Retirement and Savings Benefits 4% of Employer Comp Costs

September 10, 2009 ( - Employers spent an average of $1.29 for employee retirement and savings plans for every hour worked in June 2009, accounting for 4.4% of total compensation, the U.S. Department of Labor's Bureau of Labor Statistics reported.

In June, average costs in private industry for retirement and savings benefits were 95 cents per hour worked, or 3.4% of total compensation. The average cost per hour worked for defined benefit plans was 41 cents (1.5% of total compensation), while the average cost for defined contribution plans was 53 cents (1.9% of total compensation).

According to BLS data, retirement and savings costs were higher, both in amount and as a proportion of total compensation, for union workers ($2.44 and 6.6% of total compensation) than for nonunion workers (77 cents and 2.9% of total compensation). Defined benefit plan costs were significantly higher for union workers ($1.75 and 4.7% of compensation) than for nonunion workers (25 cents and 1% of compensation).
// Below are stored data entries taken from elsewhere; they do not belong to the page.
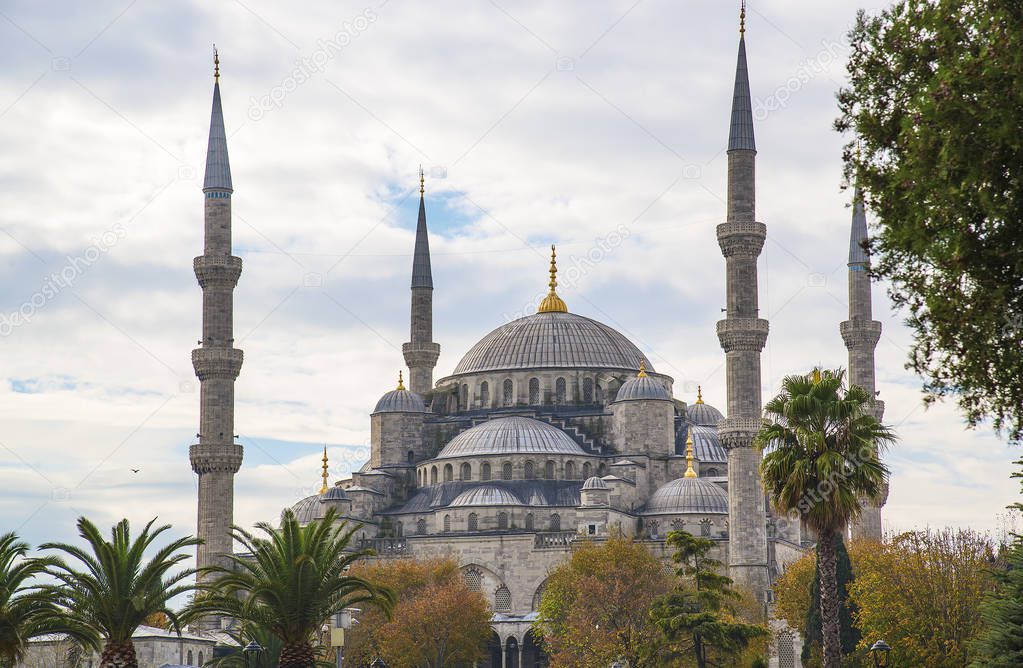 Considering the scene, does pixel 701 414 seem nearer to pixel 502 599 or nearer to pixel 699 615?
pixel 502 599

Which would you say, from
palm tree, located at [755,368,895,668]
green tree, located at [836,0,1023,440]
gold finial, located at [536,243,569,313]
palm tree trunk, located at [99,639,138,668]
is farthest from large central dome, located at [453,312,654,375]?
green tree, located at [836,0,1023,440]

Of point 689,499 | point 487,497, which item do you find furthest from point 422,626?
point 689,499

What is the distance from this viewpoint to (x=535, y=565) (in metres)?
67.2

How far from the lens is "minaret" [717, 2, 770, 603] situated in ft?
194

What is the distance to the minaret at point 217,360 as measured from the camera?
61.3 metres

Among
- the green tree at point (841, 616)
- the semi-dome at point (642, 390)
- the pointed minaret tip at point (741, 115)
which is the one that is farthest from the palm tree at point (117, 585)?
the semi-dome at point (642, 390)

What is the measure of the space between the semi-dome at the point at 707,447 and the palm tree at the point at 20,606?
48079 millimetres

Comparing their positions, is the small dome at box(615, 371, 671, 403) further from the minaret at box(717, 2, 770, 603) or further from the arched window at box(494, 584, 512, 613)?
the minaret at box(717, 2, 770, 603)

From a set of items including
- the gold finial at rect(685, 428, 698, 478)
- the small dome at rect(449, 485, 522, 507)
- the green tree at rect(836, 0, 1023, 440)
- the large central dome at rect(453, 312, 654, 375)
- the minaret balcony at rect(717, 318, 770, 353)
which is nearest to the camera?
the green tree at rect(836, 0, 1023, 440)

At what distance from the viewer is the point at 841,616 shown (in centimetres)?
4747

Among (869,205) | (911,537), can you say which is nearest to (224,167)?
(911,537)

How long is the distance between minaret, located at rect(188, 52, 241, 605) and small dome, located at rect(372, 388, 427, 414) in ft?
54.3

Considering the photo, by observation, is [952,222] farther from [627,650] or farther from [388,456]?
[388,456]

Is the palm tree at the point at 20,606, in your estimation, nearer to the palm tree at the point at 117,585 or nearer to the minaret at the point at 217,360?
the palm tree at the point at 117,585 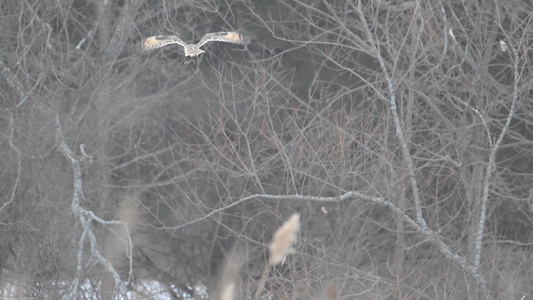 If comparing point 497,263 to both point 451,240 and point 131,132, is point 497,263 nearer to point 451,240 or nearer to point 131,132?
point 451,240

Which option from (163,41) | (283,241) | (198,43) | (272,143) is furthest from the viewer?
(272,143)

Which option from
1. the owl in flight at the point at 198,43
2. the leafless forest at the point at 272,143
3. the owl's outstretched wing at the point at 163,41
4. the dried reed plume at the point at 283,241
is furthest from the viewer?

For state and local government workers, employers spent 8% of total compensation costs on retirement benefits, with 7.2% of the costs attributed to DB plans and 0.8% attributed to DC plan costs.

Among occupational groups, retirement and savings costs ranged from 21 cents per hour worked for service occupations to $1.89 for management, professional, and related occupations. Sales and office occupations averaged 60 cents; production, transportation, and material moving occupations, 84 cents; and natural resources, construction, and maintenance occupations, $1.50 per hour. The proportion of total compensation represented by retirement and savings ranged from 1.6% for service workers to 4.8% for natural resources, construction, and maintenance workers.

Retirement and savings costs were higher per hour worked in goods-producing industries ($1.46 and 4.5% of total compensation) than in service-providing industries (83 cents and 3.2% of total compensation).

Among the four census regions, retirement and savings costs ranged from 77 cents per hour in the South to $1.18 in the Northeast. Retirement and savings costs were 1.02 cents in the West and 94 cents in the Midwest.

Retirement and savings costs increased, both in cost per hour worked and proportion of total compensation, with establishment size, BLS said. Establishments with fewer than 50 workers averaged 49 cents (2.2%), compared to establishments with 500 workers or more, averaging $1.92 (4.9%).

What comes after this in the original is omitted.